# Brief
Print, exactly as they stand, the lines below from the one that has "تاپ گل آفتابگران" to the one that has "Cape de bain", inclusive, leaving out the pictures.

# Data shown
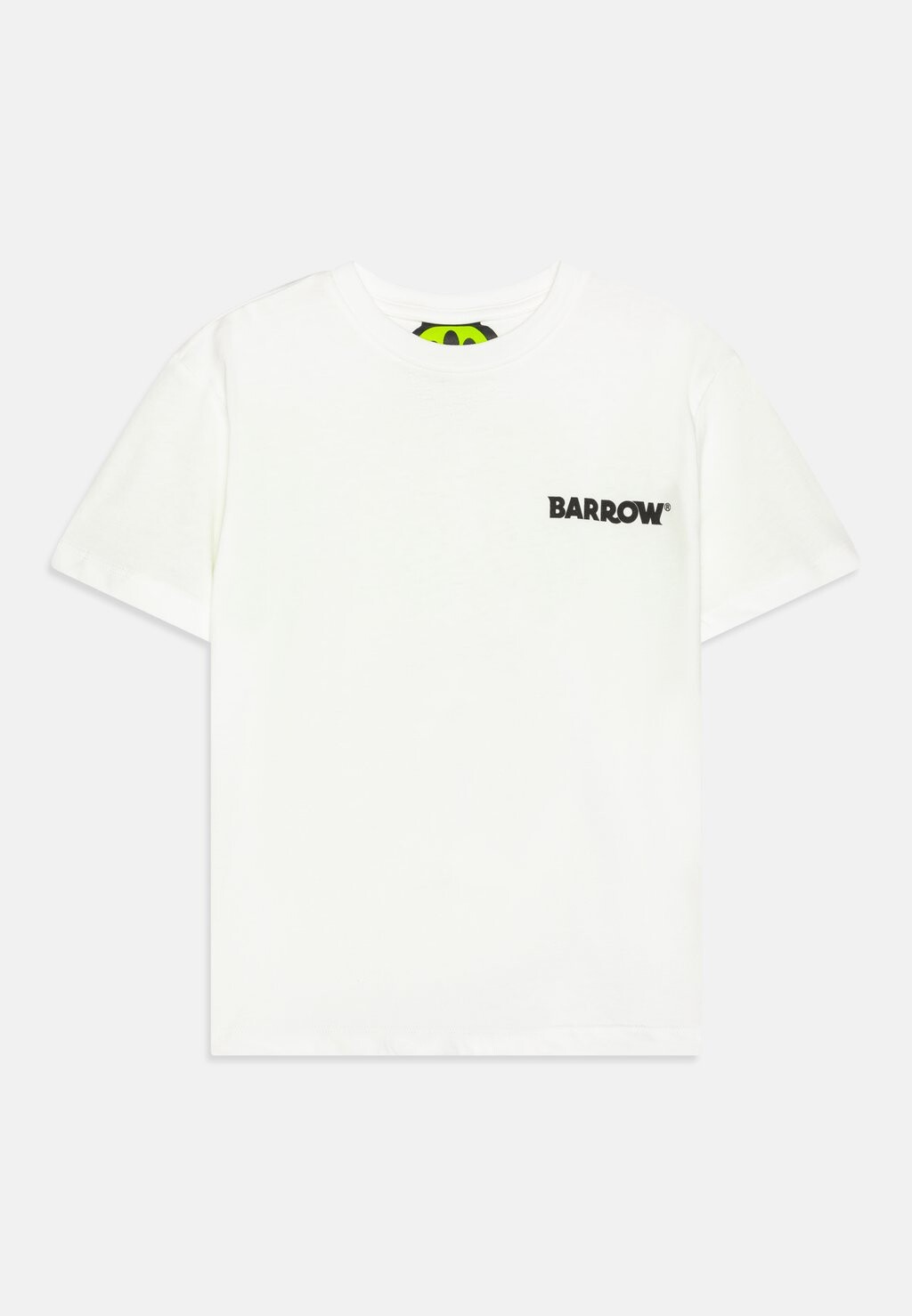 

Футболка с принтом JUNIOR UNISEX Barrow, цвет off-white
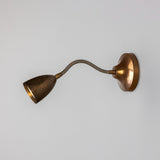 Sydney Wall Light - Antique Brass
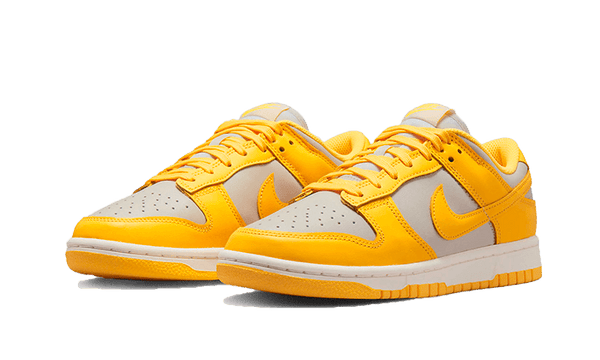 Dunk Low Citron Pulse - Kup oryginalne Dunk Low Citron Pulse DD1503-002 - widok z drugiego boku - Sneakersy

==

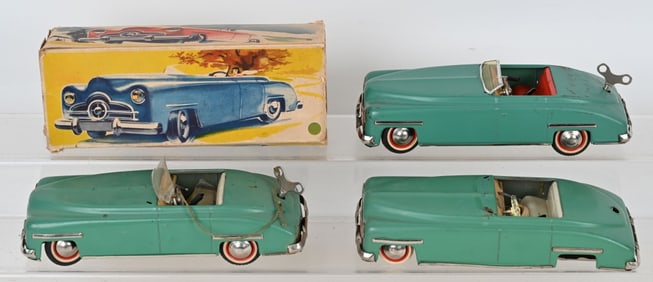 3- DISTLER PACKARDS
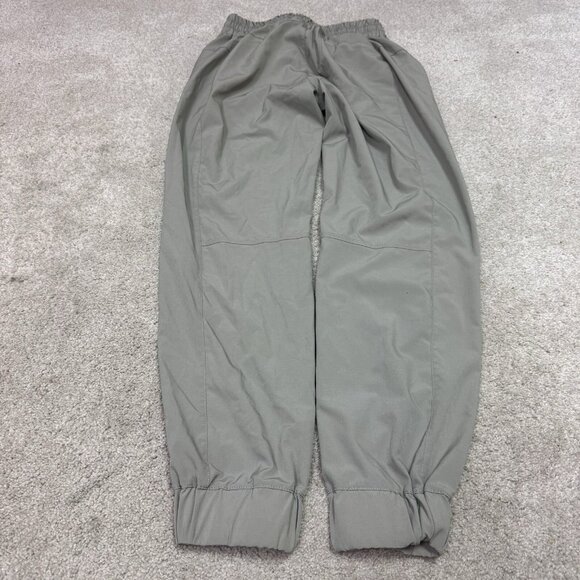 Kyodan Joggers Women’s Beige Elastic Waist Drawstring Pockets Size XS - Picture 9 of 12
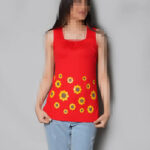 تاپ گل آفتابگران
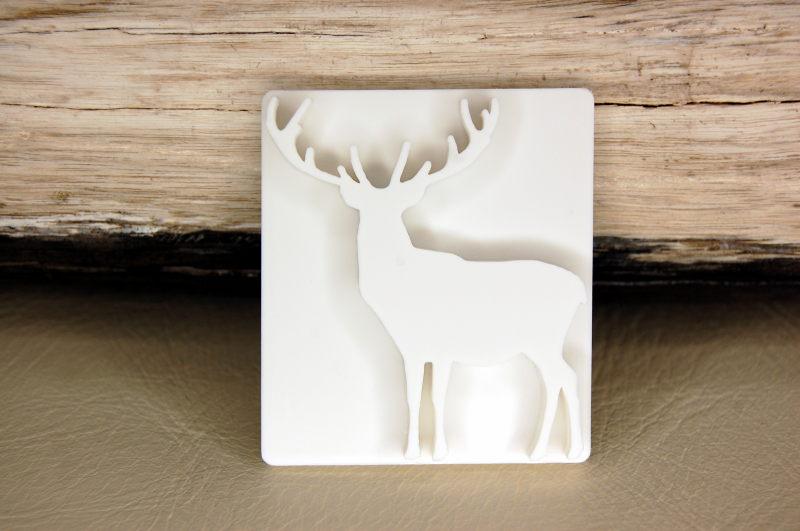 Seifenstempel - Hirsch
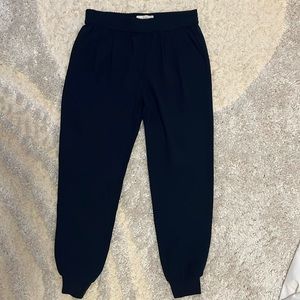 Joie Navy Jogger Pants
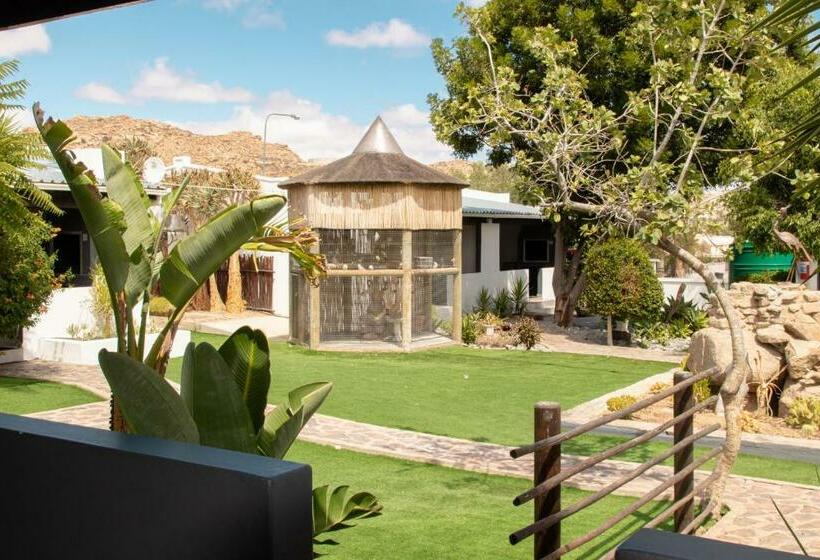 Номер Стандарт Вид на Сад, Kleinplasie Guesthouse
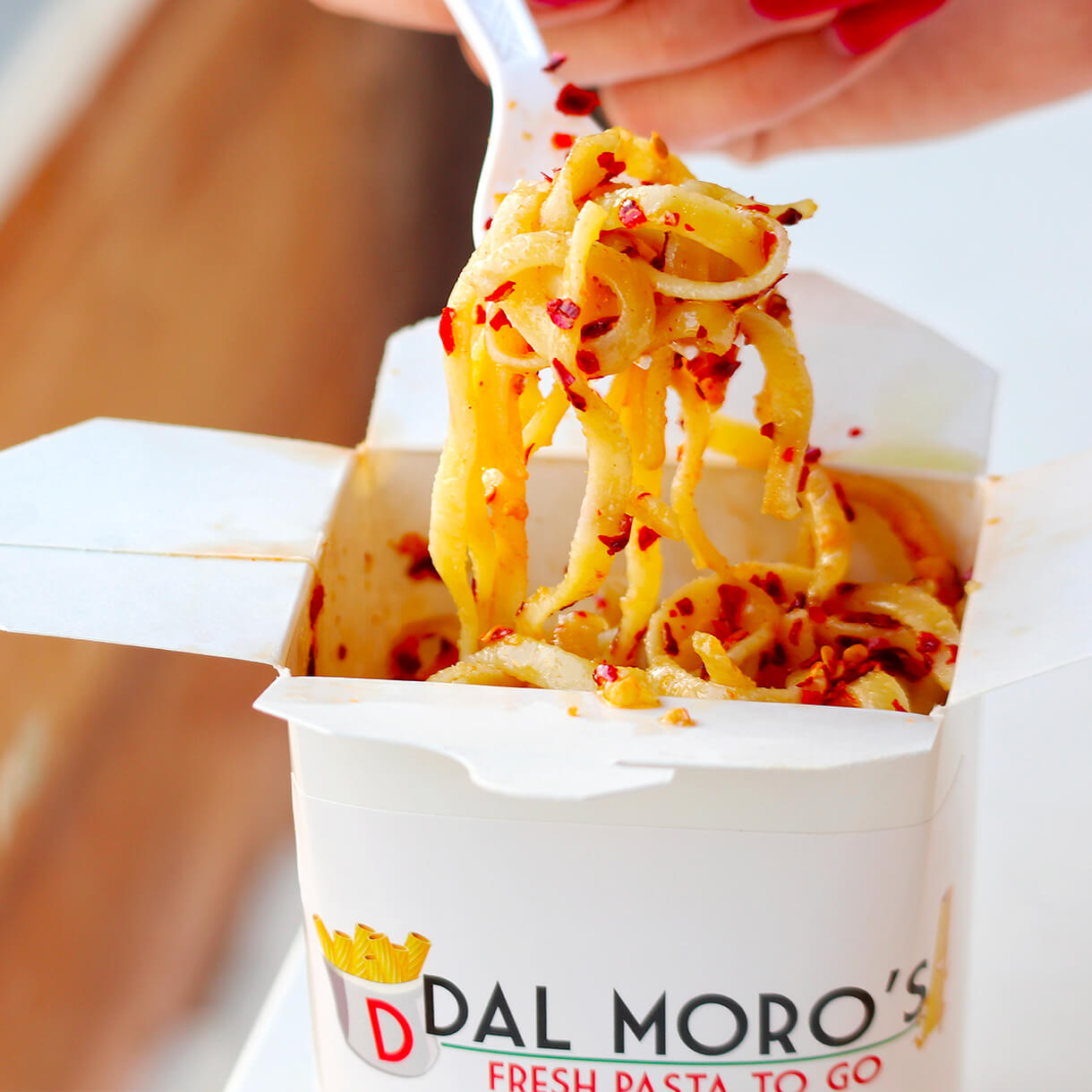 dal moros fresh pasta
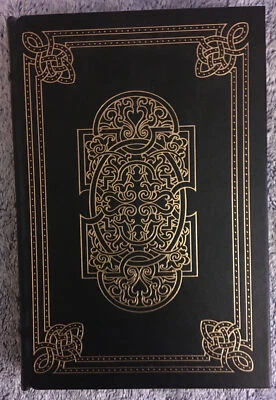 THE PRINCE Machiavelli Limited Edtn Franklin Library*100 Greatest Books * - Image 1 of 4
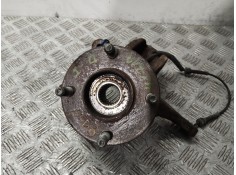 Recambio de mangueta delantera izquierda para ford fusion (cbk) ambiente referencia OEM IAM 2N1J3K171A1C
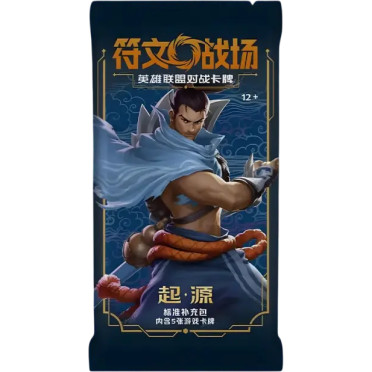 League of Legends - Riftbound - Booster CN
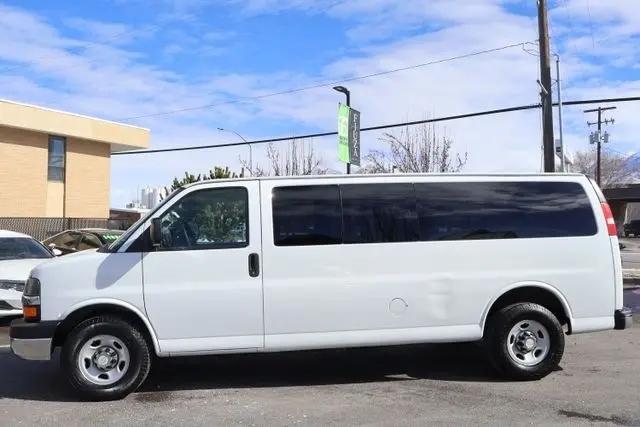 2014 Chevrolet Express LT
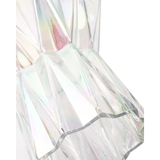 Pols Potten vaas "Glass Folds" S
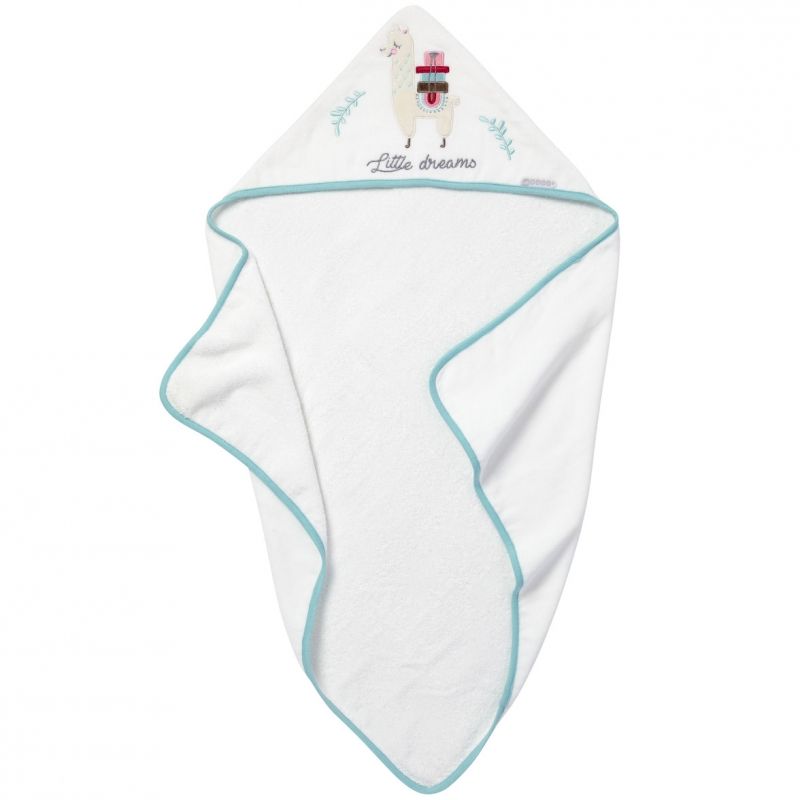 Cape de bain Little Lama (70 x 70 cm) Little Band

# Response to this exercise
 تاپ گل آفتابگران
 Seifenstempel - Hirsch
 Joie Navy Jogger Pants
 Номер Стандарт Вид на Сад, Kleinplasie Guesthouse
 dal moros fresh pasta
 THE PRINCE Machiavelli Limited Edtn Franklin Library*100 Greatest Books * - Image 1 of 4
 Recambio de mangueta delantera izquierda para ford fusion (cbk) ambiente referencia OEM IAM 2N1J3K171A1C
 League of Legends - Riftbound - Booster CN
 2014 Chevrolet Express LT
 Pols Potten vaas "Glass Folds" S
 Cape de bain Little Lama (70 x 70 cm) Little Band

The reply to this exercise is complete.